Un sondage publié en aout confirmait que les Français sont majoritairement opposés à la vente de médicaments en supermarché. Ils savent que le médicament, même non prescrit, est un produit spécifique. Au Royaume-Uni, où les médicaments type aspirine sont en vente libre, un tiers des 18-24 ans britanniques admettent une forme de dépendance et prennent tous les jours des médicaments en vente libre jusqu’au point ou les médias ont pris l’habitude de parler de la « génération painkiller ».  En France, l’usage inapproprié des médicaments provoque 12 000 décès et 120 000 hospitalisations par an. Ces chiffres énormes ne feraient qu’empirer si on autorisait la vente des médicaments dans le temple du commerce, ou le pharmacien ne disposerait pas d’une complète indépendance, comme cela est dénoncé au Royaume Uni.

Quant à l’ouverture du capital des pharmacies à des investisseurs, les français savent que les chaînes de distribution ne s’installent que dans les endroits les plus rentables, alors qu’en pharmacie ce qui compte c’est la proximité et le lien social. On pourrait par ailleurs s’étonner qu’un Ministre toujours soucieux du « produire français »  nourrisse comme projet de livrer les 22.000 pharmacies libérales françaises aux appétits des mastodontes étrangers.

Enfin, alors que l’actuel maillage territorial, résultant des règles d’implantation des officines, permet l’égal accès aux médicaments à toute personne, de jour comme de nuit, l’IGF recommande une liberté totale d’installation, mais note elle-même que cette liberté pourrait « aboutir à une dégradation de l’accès aux médicaments dans certaines régions peu densément peuplées ».  En conséquence elle propose de subventionner, en cette période d’économie contrainte, les pharmaciens qui accepteraient d’exercer dans ces régions.

Après avoir proposé de totalement déstructurer la pharmacie française, l’IGF recommande un renforcement aberrant des pouvoirs disciplinaires de l’Ordre national des pharmaciens afin qu’il « soit en mesure d’assurer le respect de l’indépendance des professionnels par les investisseurs ».  Non seulement c’est un non-sens d’étendre les pouvoirs de l’Ordre à des acteurs non pharmaceutiques, mais il est de plus inconcevable, dans un état de droit, de faire cumuler à une seule institution, les activités de contrôle d’accès à la profession, d’inspection et de sanction. 

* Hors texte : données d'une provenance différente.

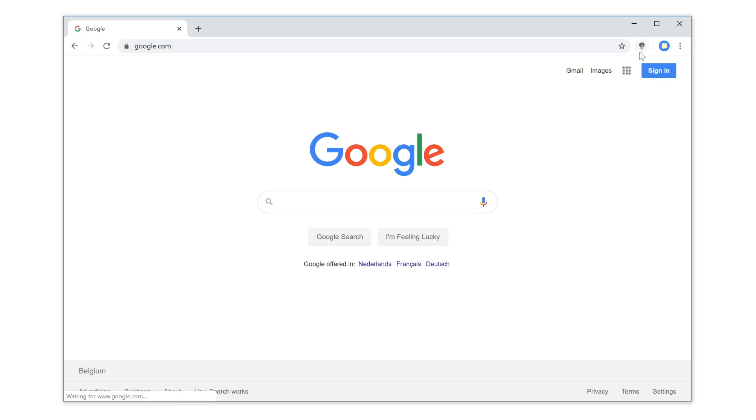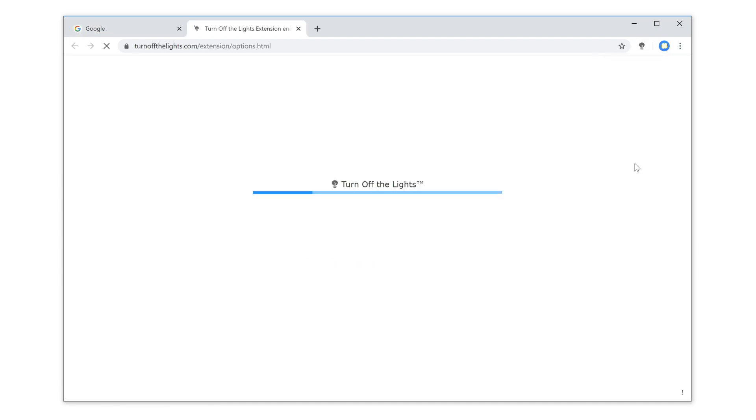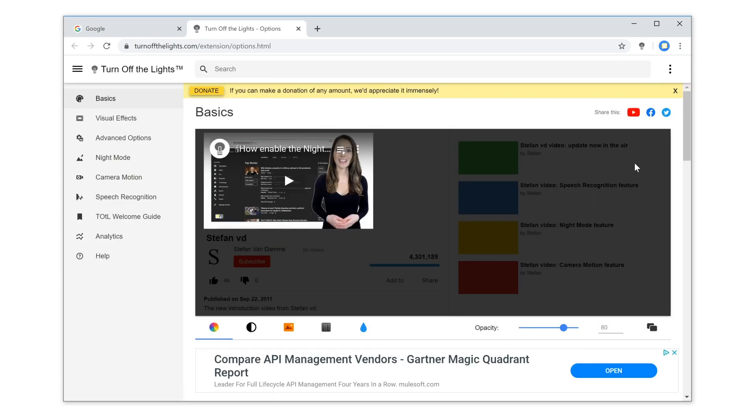Click right on the gray lamp button and select Options. Then, in the Turn off the Lights Options page,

4 millions de Français franchissent chaque jour les portes de l’une des 22.000 pharmacies qui maillent le territoire. L’IGF admet que 93% d’entre eux sont contents de la qualité de service de leur pharmacie. Alors qu’est actuellement lancée une expérimentation pour délivrer en pharmacies des antibiotiques à l’unité, la profession souhaite rappeler qu’elle est en réforme permanente. Les pharmaciens d’officine voient au fil des ans leur exercice constamment évoluer pour s’adapter aux besoins de la population.

Isabelle Adenot, Présidente du Conseil National de l’Ordre des Pharmaciens, le rappelle avec force : « Les comparaisons européennes montrent que la pharmacie française est performante du point de vue des prix. La France a mis au point un modèle pharmaceutique fonctionnel, évolutif et doté d’une bonne capacité de réponse aux défis de son temps, et présent sur tout le territoire de façon équitable. Ceux qui sur la base d’une étude aberrante briseront une construction patiemment mise au point, adaptée aux réalités du pays, sécurisante pour les français et efficace économiquement, joueront aux apprentis-sorciers. L’Ordre national des Pharmaciens défendra coûte que coûte les intérêts des français ».

 

>>> Les données sont publiées aujourd'hui en open data sur le site du gouvernement :  www.data.gouv.fr  : taper "Etude sur l’évolution du prix des produits d’automédication non remboursables en France"  dans le moteur de recherche.